【ハンガリー・ブダペスト29日(日本時間30日)発】柔道の世界選手権2日目、女子52キロ級で初出場の志々目愛(23=了徳寺学園職)が、同じく初出場の角田夏実(25=同)との日本人対決を制し、初優勝を飾った。

 志々目は準決勝でリオ五輪金メダリストで世界ランキング1位のケルメンディ(26=コソボ)を延長9分30秒の死闘の末に撃破。所属の先輩で手の内を知り尽くした角田との決勝では、角田得意の寝技のチャンスを与えない。さらには奥襟を持って十八番の内股で一本勝ち。自分の柔道に徹して世界の頂点に立った。

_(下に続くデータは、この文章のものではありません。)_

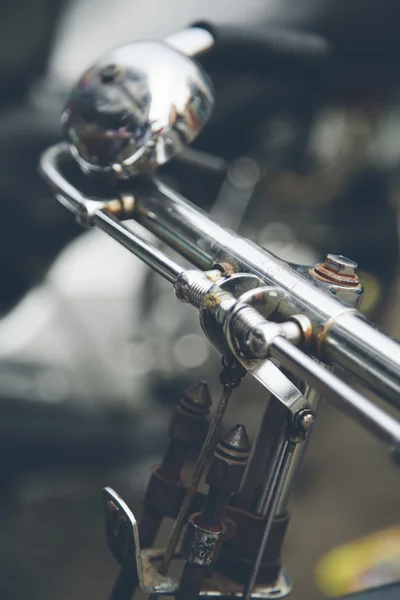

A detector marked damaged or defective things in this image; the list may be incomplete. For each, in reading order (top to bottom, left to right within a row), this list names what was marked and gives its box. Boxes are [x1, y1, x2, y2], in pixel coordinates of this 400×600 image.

rusty bolt [324, 256, 358, 278]
rusty bolt [206, 422, 250, 492]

 志々目は「ケルメンディ選手を倒した日本人はいないので、絶対に倒してやろうと思っていた。今まで悔しい思いをしてきたので、世界一になれてうれしい」と歓喜の涙を流した。

 兄は2015年大会で男子60キロ級銅メダルの徹(25=了徳寺学園職)。その兄の影響で柔道を始めた志々目が、初出場の大舞台で兄の成績を超えてみせた。

 一方、ヒザの故障を抱えながら決勝に進んだ角田は悔し涙。それでも「しっかり寝技をやってきて良かった」と東京五輪へ向けて前を向いた。